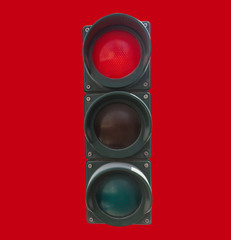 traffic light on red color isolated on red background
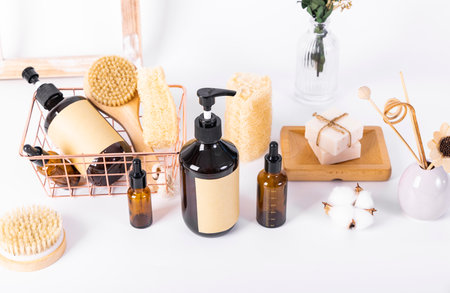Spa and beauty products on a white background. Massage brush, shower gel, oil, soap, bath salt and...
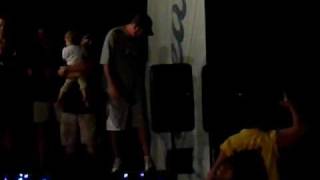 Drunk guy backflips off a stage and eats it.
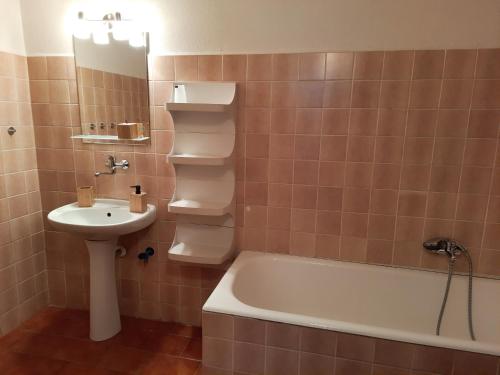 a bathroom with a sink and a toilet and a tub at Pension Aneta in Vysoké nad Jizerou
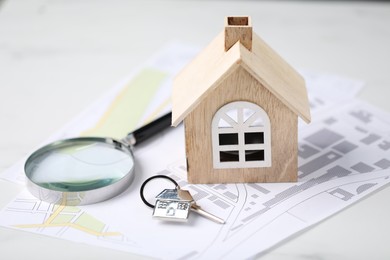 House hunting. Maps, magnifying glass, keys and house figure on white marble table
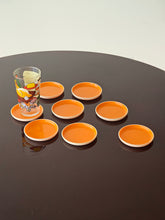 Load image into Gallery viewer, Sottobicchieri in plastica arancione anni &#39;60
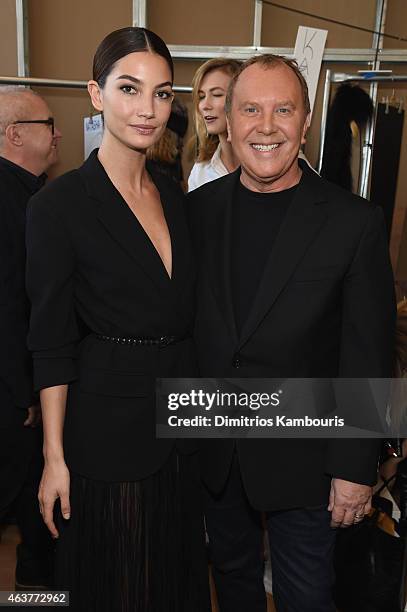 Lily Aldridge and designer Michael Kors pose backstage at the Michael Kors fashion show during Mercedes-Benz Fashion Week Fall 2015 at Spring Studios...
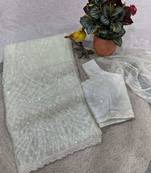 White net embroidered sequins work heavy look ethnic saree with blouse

* * *

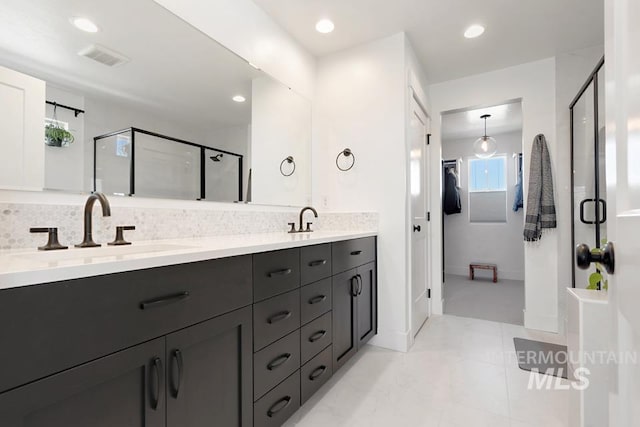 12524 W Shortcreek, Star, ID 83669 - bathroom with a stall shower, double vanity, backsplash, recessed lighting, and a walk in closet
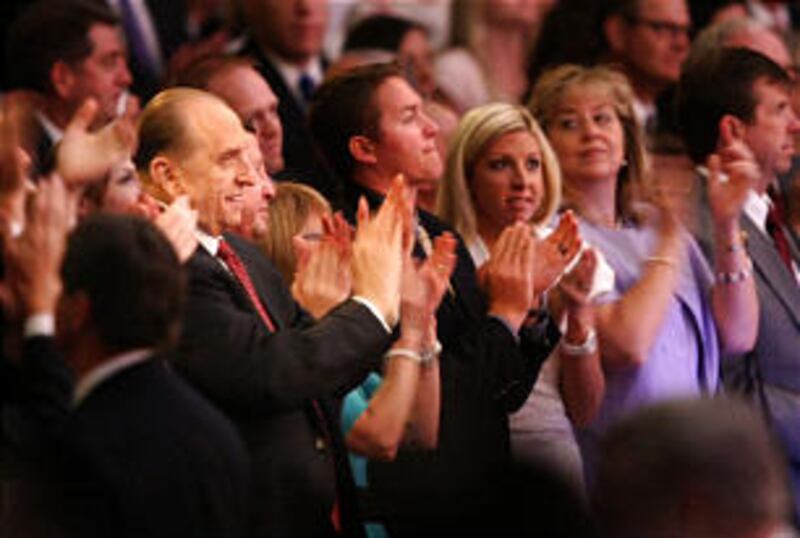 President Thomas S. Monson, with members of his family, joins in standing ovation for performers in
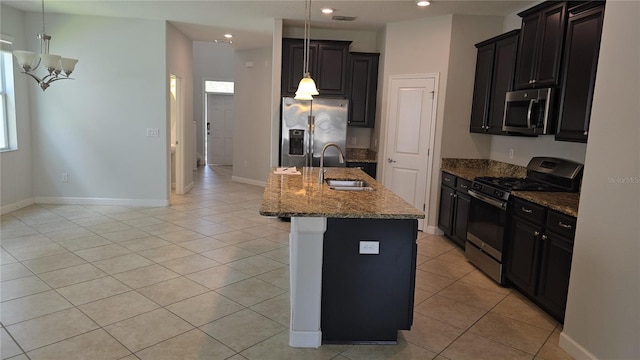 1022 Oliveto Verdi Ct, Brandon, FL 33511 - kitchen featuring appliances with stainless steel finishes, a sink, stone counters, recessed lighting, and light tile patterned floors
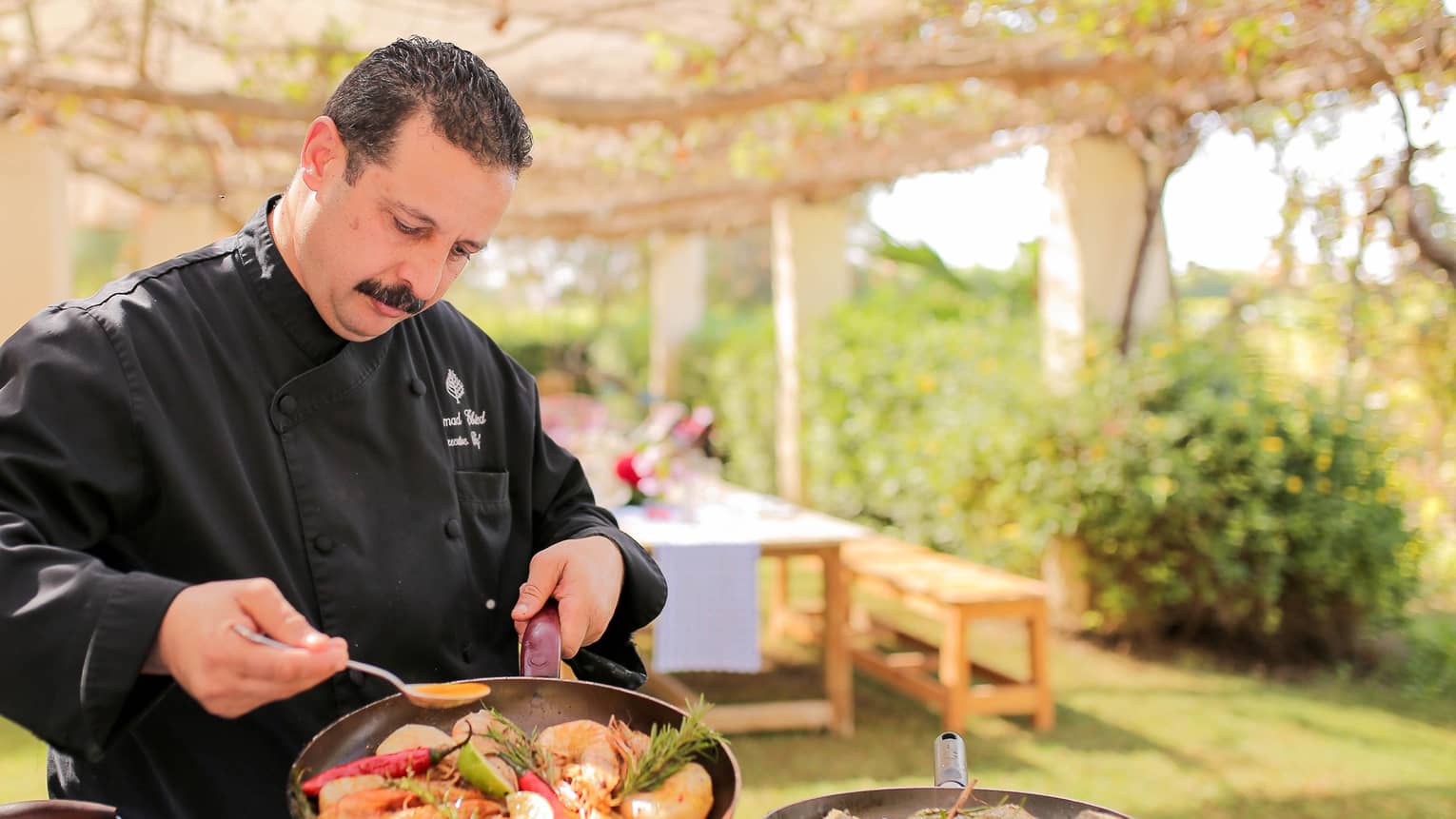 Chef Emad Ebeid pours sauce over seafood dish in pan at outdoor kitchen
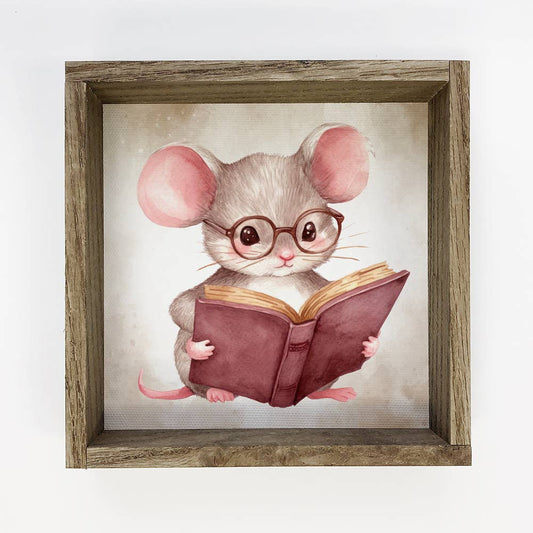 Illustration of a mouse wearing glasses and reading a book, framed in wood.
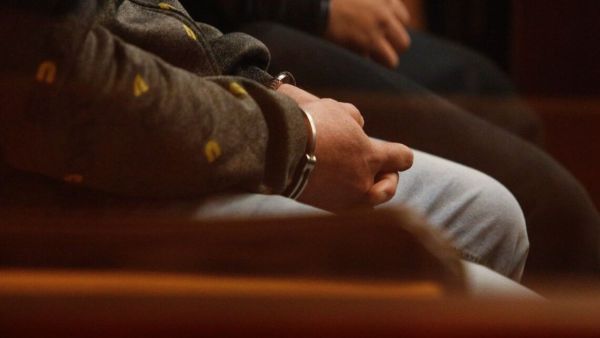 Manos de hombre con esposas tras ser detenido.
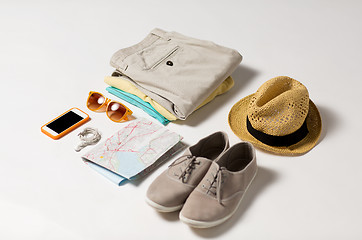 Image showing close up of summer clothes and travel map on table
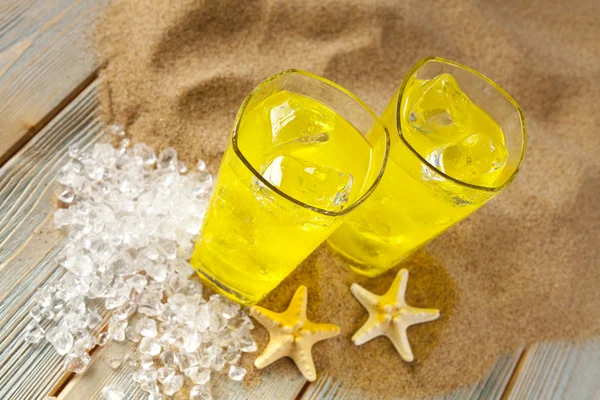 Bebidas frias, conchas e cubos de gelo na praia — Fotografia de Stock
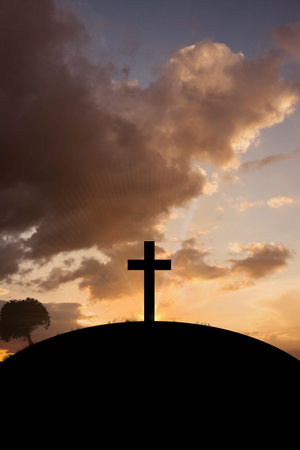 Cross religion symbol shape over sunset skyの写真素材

■ **Problem**:
Up in the listing, locate the line with "Image showing close"; print it and every line after it down to the line with "Cross religion symbol", which is included too. Skip the pictures.

■ **Exercise response**:
 Image showing close up of summer clothes and travel map on table
 Bebidas frias, conchas e cubos de gelo na praia — Fotografia de Stock
 Cross religion symbol shape over sunset skyの写真素材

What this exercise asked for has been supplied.